Consider the following questions based on a short (approximately 15 minute) observation of your teacher.

  • What was your teacher’s previous target? Are they meeting it? How do you know?

  • Thinking about the development area you have selected for this topic, what is your teacher already doing well in this area? Which focused development area best aligns with what your teacher needs to get better at? What one precise target (bite-sized action) might you work with them on during your mentor meeting?

Reminder: You can choose to stick with this previous target if they have not made enough progress. When moving on to a new precise target, you can select one from the table above or, if this doesn’t fit your teacher’s needs, you can write your own.

How will you model the target to your teacher to show them what good looks like? What questions will you ask to check your teacher understands the model? For example, ‘How it is different from your current practice?’ and ‘What impact might it have on your practice and pupils?’

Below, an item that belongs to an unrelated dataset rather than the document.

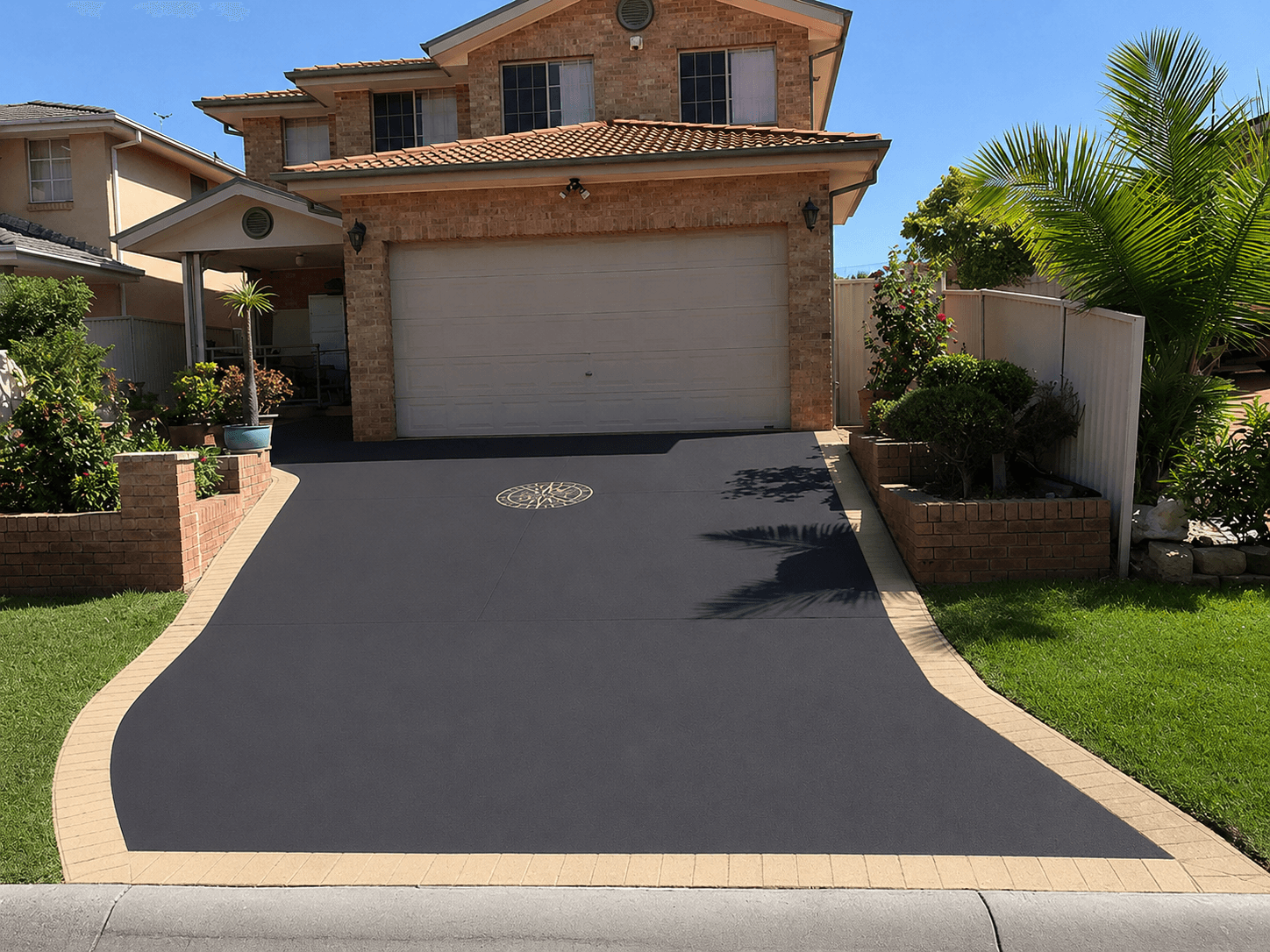 Dark grey driveway with tan brick borders and a central emblem before a house.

Reminder: Your model should help your teacher develop their ability in some of the following:

  • Link what pupils already know to what is being taught.
  • Sequence lessons so that pupils secure foundational knowledge before encountering more complex content.
  • Balance exposition, repetition, practice and retrieval of critical knowledge and skills.
  • Identify essential concepts, knowledge, skills and principles of the subject and provide opportunity for all pupils to learn and master these critical components.
  • Use concrete representation of abstract ideas.
  • Remove scaffolding only when pupils are achieving a high degree of success in applying previously taught material.
  • Provide sufficient opportunity for pupils to consolidate and practise applying new knowledge and skills.
  • Work with experienced colleagues to accumulate and refine a collection of powerful analogies, illustrations, examples, explanations and demonstrations.

Next, meet with your teacher to work through the ‘feedback’ stage of instructional coaching.